ATO tax evaluation: characterization of software program paperwork


On June 25, 2021, the Australian Tax Office published its draft judgment on Income Tax: License Fees – Nature of Income Related to Software (TR 2021 / D4), which replaces the previous judgment on Income Tax: Computer Software (TR 93/12).

The draft decision has been updated to reflect the major technological changes that have occurred in the software industry over the past three decades and includes examples of packaged software over physical media, digitally downloaded software, and cloud-based software-as-a. -Service (SAAS).

The central theses

The draft decision focuses on three main activities (software licensing, software distribution, and software services). The conclusions of the draft decision are summarized in the table below.

Particularly noteworthy is the increased interaction between copyright law and tax law when determining whether a “license fee” arises.

The publication of the draft decision is to be welcomed insofar as it provides the ATO guidelines on a number of different software agreements which, in contrast to the types of agreements previously dealt with in TR 93/12, are better aligned with what is currently on the market. For example, the draft decision addresses digital and SAAS distribution methods.

The draft decision was adopted on the basis that interested parties can submit comments and opinions, but only a short period of time for submitting comments. We are aware that the ATO conducted some industry consultations prior to the publication of the draft decision.

Once the final decision is made, the ATO has proposed that it apply both before and after the date of issue.

Affected companies should review the draft decision to determine whether both historical and future positions on WHT royalties are consistent with the position of the ATO or whether these arrangements could be improved to support the position adopted. This can include companies that sell software through cloud services or with whom parties to a license agreement have a software or source code trust agreement.

Structure of the draft decision

Increased interaction with copyright law

The draft judgment emphasizes the technical aspects of Australian copyright law and its interaction with Australian tax law. The ATO regards an amount as a royalty in that it is consideration for being granted a right to do something that is the exclusive right of the copyright owner. With reference to the Copyright Act, the ATO believes that these rights in relation to software (a literary work) relevantly include the right to reproduce the work in tangible form; the right to edit the work; and the right to show the work to the public.

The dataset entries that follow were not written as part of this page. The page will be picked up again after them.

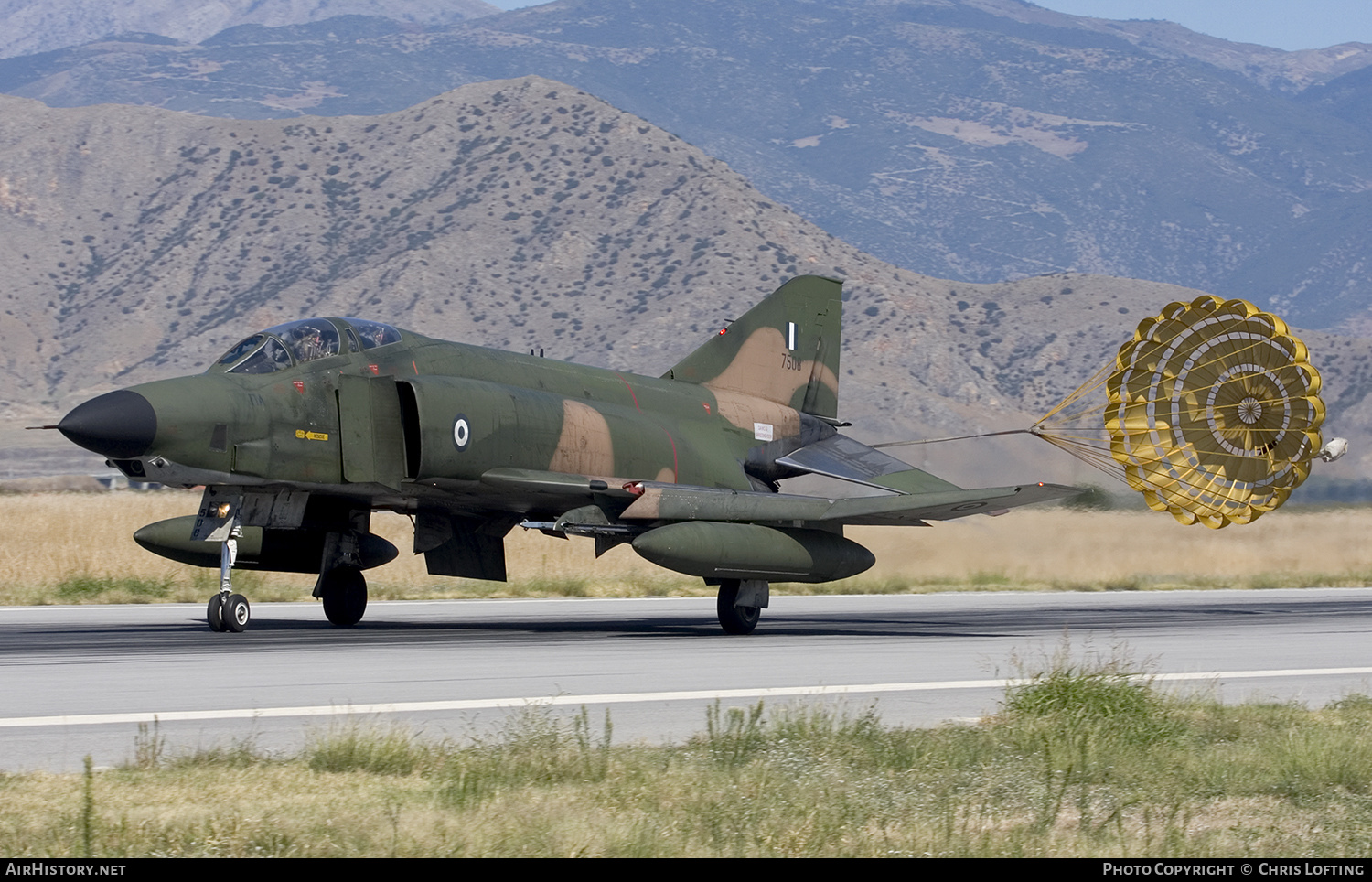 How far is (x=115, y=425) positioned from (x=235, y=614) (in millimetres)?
2954

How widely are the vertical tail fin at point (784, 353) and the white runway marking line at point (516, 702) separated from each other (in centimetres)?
1004

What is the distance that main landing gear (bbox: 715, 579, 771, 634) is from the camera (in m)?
19.2

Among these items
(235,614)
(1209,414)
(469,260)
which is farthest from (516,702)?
(469,260)

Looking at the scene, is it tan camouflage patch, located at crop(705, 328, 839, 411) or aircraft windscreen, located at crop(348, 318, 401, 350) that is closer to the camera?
aircraft windscreen, located at crop(348, 318, 401, 350)

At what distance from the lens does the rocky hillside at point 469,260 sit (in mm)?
131750

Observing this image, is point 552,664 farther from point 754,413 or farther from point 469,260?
point 469,260

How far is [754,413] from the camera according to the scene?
23109 mm

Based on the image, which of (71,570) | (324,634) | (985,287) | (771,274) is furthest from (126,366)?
(324,634)

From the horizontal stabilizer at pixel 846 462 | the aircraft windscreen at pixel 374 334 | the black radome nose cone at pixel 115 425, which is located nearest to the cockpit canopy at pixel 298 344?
the aircraft windscreen at pixel 374 334

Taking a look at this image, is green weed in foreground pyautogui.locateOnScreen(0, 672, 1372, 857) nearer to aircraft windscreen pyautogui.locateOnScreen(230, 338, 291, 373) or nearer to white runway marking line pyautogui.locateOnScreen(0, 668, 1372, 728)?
white runway marking line pyautogui.locateOnScreen(0, 668, 1372, 728)

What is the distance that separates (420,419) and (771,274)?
391ft

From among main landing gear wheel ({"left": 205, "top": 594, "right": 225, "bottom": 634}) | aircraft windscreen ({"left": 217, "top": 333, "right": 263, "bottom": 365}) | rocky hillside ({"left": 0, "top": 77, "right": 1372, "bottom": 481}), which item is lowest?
main landing gear wheel ({"left": 205, "top": 594, "right": 225, "bottom": 634})

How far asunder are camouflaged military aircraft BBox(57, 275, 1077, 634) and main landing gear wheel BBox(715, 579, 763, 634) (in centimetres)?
2

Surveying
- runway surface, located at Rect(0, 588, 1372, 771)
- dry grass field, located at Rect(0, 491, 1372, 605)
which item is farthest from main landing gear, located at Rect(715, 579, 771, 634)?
dry grass field, located at Rect(0, 491, 1372, 605) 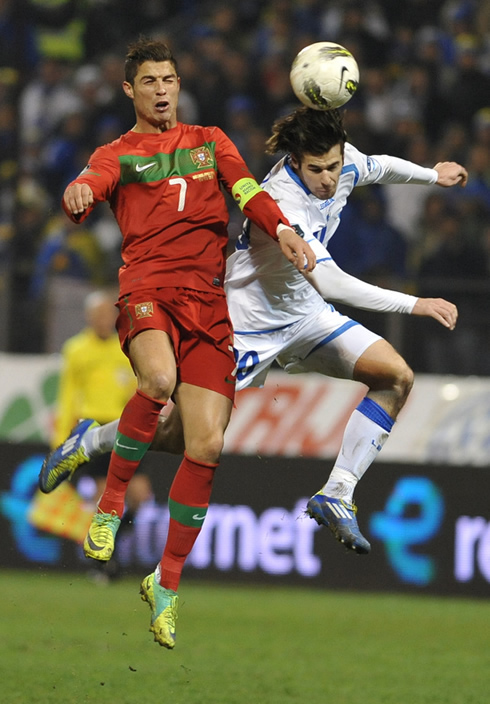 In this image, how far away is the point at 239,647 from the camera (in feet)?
25.1

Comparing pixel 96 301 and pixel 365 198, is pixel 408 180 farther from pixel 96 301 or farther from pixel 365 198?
pixel 365 198

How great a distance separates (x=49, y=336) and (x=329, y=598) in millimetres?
3430

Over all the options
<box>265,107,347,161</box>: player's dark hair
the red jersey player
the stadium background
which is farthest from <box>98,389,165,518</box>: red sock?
the stadium background

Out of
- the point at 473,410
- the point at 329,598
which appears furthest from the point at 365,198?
the point at 329,598

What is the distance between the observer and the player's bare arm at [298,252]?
5023mm

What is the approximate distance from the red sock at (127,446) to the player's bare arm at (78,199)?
35.4 inches

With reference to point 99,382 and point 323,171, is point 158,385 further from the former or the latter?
point 99,382

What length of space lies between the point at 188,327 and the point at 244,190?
0.68 m

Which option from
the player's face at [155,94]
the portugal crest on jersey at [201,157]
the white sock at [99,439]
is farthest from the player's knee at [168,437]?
the player's face at [155,94]

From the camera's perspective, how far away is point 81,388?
9.89 meters

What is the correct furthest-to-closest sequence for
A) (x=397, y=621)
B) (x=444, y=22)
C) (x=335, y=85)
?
1. (x=444, y=22)
2. (x=397, y=621)
3. (x=335, y=85)

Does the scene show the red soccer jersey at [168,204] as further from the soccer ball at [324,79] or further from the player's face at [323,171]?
the soccer ball at [324,79]

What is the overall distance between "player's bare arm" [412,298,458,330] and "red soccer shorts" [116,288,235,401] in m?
0.94

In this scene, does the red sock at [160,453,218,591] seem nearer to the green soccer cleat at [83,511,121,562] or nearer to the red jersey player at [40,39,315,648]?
the red jersey player at [40,39,315,648]
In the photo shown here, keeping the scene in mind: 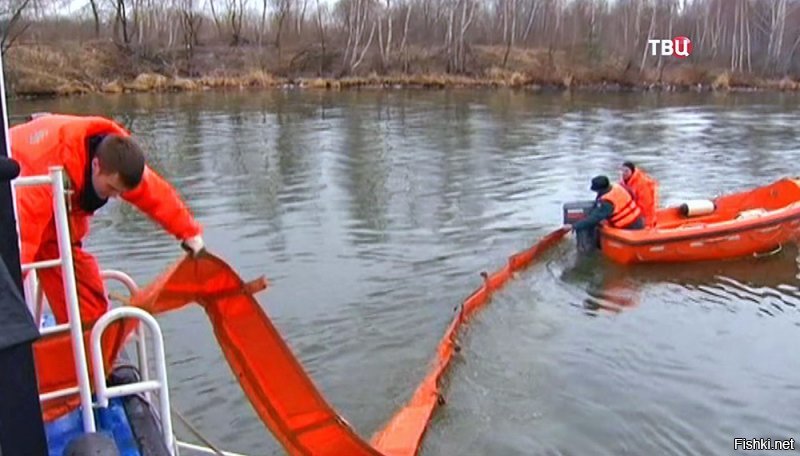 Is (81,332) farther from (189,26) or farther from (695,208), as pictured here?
(189,26)

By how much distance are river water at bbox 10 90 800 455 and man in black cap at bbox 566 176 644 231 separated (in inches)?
24.5

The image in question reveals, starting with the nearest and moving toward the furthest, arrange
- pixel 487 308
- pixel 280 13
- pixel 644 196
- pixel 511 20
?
pixel 487 308
pixel 644 196
pixel 511 20
pixel 280 13

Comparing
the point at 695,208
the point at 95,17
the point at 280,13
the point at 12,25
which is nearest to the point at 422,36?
the point at 280,13

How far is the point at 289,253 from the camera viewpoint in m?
11.2

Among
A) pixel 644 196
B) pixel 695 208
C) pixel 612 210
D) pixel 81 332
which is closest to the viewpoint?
pixel 81 332

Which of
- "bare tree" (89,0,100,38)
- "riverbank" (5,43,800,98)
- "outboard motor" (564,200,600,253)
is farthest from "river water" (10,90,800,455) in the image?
"bare tree" (89,0,100,38)

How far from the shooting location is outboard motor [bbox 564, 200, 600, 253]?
1090 centimetres

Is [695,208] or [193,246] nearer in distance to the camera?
[193,246]

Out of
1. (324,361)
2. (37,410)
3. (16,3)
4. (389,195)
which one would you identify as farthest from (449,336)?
(16,3)

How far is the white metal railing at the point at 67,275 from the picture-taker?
9.32 ft

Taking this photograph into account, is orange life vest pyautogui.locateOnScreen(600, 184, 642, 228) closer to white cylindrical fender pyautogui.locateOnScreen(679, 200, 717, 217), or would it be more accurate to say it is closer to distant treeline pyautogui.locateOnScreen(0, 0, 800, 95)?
white cylindrical fender pyautogui.locateOnScreen(679, 200, 717, 217)

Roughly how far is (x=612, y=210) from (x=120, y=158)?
842 cm

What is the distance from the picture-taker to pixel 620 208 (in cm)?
1063

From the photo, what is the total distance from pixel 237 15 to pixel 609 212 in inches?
1953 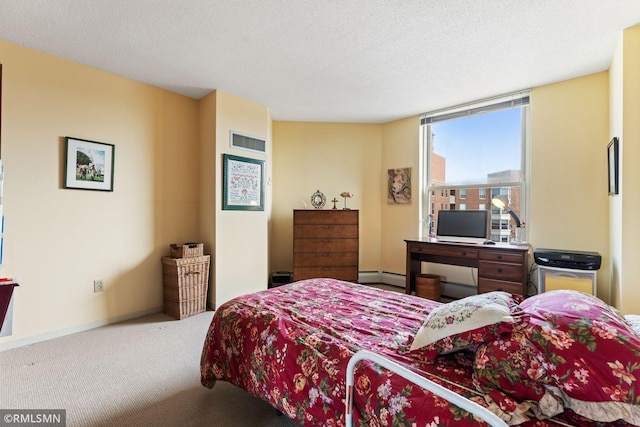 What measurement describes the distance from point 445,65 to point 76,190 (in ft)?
12.1

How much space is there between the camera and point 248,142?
3.66m

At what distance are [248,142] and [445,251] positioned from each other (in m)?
2.76

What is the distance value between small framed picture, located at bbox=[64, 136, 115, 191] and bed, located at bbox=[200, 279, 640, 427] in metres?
2.23

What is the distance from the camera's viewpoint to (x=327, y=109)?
13.0 feet

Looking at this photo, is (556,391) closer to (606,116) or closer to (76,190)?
(606,116)

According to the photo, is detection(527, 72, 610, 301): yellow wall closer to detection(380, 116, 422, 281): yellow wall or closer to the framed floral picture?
detection(380, 116, 422, 281): yellow wall

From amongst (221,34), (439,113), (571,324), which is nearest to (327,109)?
(439,113)

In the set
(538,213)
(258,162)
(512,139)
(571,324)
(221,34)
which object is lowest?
(571,324)

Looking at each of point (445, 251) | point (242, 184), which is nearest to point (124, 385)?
point (242, 184)

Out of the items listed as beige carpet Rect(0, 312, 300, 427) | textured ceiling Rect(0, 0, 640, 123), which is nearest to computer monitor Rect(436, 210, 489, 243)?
textured ceiling Rect(0, 0, 640, 123)

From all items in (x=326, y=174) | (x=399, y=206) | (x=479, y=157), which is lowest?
(x=399, y=206)

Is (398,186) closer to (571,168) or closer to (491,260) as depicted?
(491,260)

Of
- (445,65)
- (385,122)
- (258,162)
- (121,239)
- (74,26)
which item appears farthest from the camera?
(385,122)

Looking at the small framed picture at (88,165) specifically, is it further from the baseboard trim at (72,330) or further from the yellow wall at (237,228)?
the baseboard trim at (72,330) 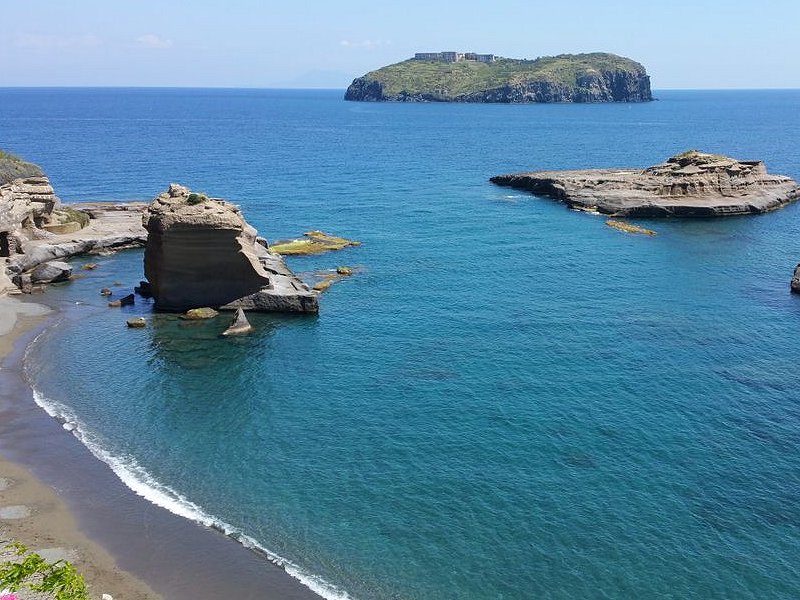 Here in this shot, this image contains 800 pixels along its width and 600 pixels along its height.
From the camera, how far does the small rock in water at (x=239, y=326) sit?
2653 inches

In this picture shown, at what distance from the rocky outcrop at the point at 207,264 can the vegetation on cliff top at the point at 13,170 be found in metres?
52.0

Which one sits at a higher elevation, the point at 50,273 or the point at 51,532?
the point at 50,273

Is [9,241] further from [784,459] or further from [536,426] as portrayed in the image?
[784,459]

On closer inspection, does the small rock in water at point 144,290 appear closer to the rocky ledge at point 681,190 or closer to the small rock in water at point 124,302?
the small rock in water at point 124,302

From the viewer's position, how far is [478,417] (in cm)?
5088

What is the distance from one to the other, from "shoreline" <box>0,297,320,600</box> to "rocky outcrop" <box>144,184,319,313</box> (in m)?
25.3

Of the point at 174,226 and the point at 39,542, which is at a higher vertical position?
the point at 174,226

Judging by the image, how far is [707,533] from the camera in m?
38.8

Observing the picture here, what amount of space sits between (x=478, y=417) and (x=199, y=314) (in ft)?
104

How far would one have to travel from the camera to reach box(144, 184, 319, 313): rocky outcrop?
71.6 m

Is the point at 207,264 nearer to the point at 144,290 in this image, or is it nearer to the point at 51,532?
the point at 144,290

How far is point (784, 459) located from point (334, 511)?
85.0ft

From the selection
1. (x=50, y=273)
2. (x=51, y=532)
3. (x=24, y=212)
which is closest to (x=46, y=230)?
(x=24, y=212)

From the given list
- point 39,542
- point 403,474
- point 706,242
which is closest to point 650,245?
point 706,242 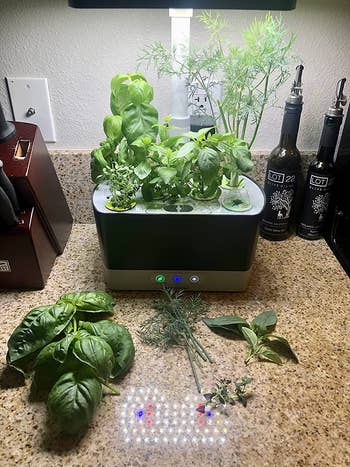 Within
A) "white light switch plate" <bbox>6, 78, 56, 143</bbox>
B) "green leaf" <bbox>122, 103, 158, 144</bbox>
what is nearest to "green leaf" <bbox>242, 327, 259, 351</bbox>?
"green leaf" <bbox>122, 103, 158, 144</bbox>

The draft decision illustrates these core concepts using eight examples from the areas of software licensing, software distribution and software services.

Software licensing (examples 1 to 3)

Examples 1 to 3 agree with the previous TR 93/12 and show that payments for the “simple use” of software do not represent license fees, but payments for the right to reproduce for resale or for the right to change or adapt software (including access to the source code) represent a license fee.

“Ease of use” of software is defined as the process of using software for the purpose for which it was developed or is intended to be used. In these circumstances, any use of the copyright required to enable the software to be used as a working product is merely accidental and therefore the associated payments are not royalties.

Software distribution (examples 4 to 6)

Examples 4 and 5 consider software distribution agreements that give the vendor the right to enter into contracts with customers or end users. Deviating from the previous TR 93/12, the ATO now takes the view that, although customers or end users ultimately only receive a license for simple use, a distinction should now be made between transactions in which the software is subject to a license agreement and transactions in which the software is purchased directly from the customers / end users. In the former situation, the payments made by the distributor to the copyright owner for the right to distribute software through sublicensing constitute a license fee.

In contrast, Example 6 deals with the distribution of shrink-wrapped software. In this case, the related payments are not treated as royalties as these distributions do not relate to the distributor’s use of the copyright.

Software services (examples 7 and 8)

Examples 7 and 8 consider auxiliary services for changing or using software. Payments for the provision of assistance that enable the use or enjoyment of the software constitute a license fee, but payments for the provision of services in connection with the modification or creation of software do not.

As applied, the draft decision states that the provision of assistance necessary for an end-user to exercise the right to reproduce and modify software constitutes a license fee (Example 7); while assistance with the simple use of software is not paid for (example 8).